Cha Lectures 20 - The Invisible Faces of Boston - Introduction

Justin Pickering

My father works at a company called Labor Ready. Their facilities are tucked away outside of major metropolitan areas all over the country. Its function is to provide work to people who would otherwise go unemployed. Within the walls of Labor Ready branch #1831 at 100 Fellsway West in Somerville, Massachusetts, only a stone's throw from the Sullivan Square T stop. Men and women from all walks of life appear at Labor Ready's doorstep.
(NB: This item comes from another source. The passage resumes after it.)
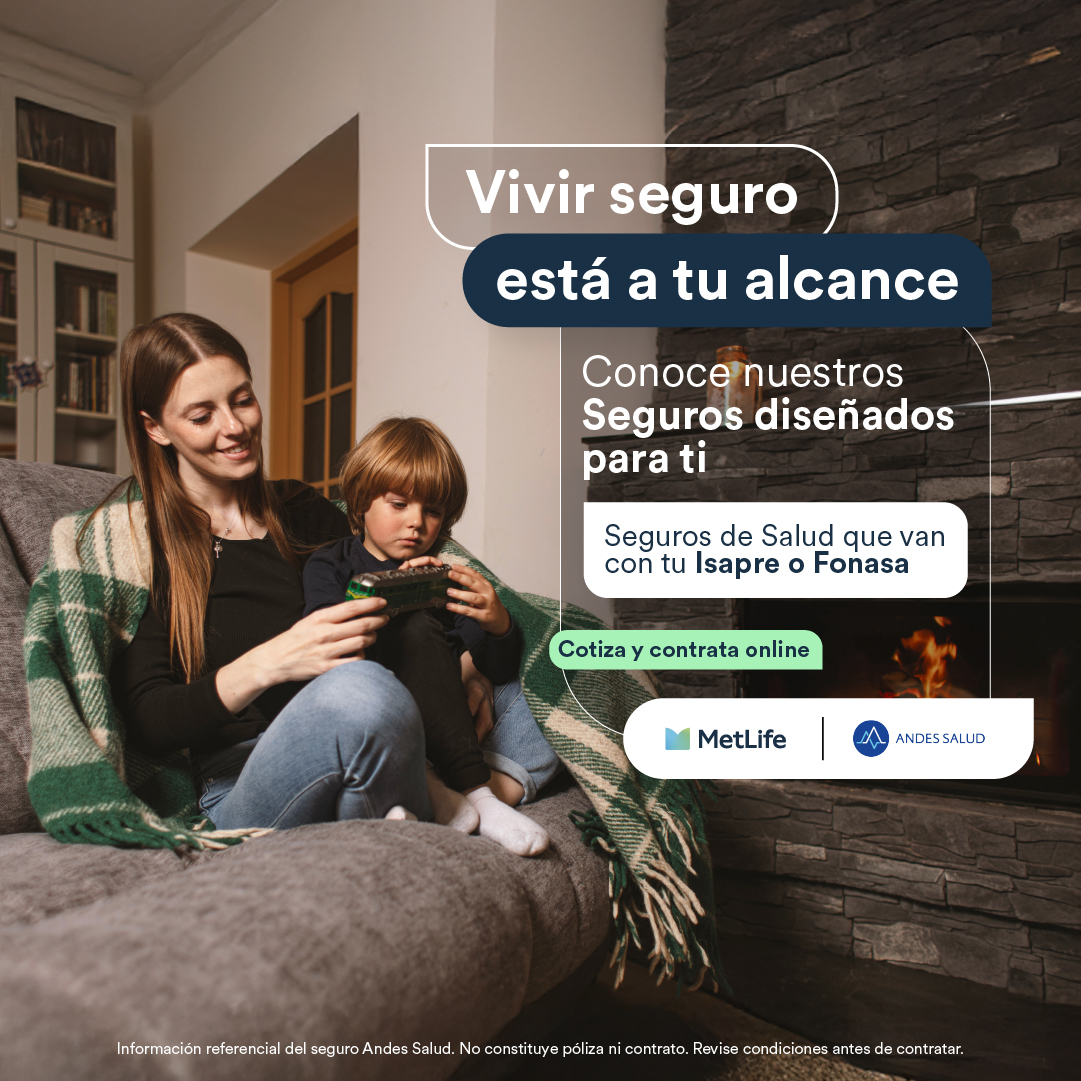 MetLife Chile Facebook ad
At five o'clock in the morning, the hour of hope and of first light, the opposite hour from Federico Garcia Lorca's fated "five o'clock in the afternoon" where the code of society turns to death and destruction and all hopes and dreams of a table full of food and a home and hearth full of laughter are ironically dashed to bits by the sounding of the same dinner bell; at five o'clock in the morning is where they line up, standing scruntched together on the company's doorstep with their hands nervously choking their wool hats, eyes bloodshot, faces and eyes revealing souls trapped in bodies ten and fifteen years older than their actual tenures here on planet Earth. Most of them are young men. Paul is only 19. Dougie is 35. He looks like he's 60. Once it was overheard that Jose lives in his car.

There is alcohol on their breath, as many have probably just come from a confessional session at the liquor cabinet, or the needle, or the marijuana pipe. Their thick, jackhammer accents distinguish them amongst the overly proud people of the city of the burning dark, situated between the Charles River and the Atlantic Ocean. The shuffle around in meaningless circles like a tai-chi practitioner who has forgotten her exercises or like the little cotton balls caught in the winds of a wintry-blast dust devil that whips sludge and scum off of Route 93 and down into their hearts and minds. The park with its broken swings is covered in iodine at five o'clock in the morning for these people. At least the folks in Lorca's poem got to work their entire day before the bells inside their minds began to ring with arsenic and smoke.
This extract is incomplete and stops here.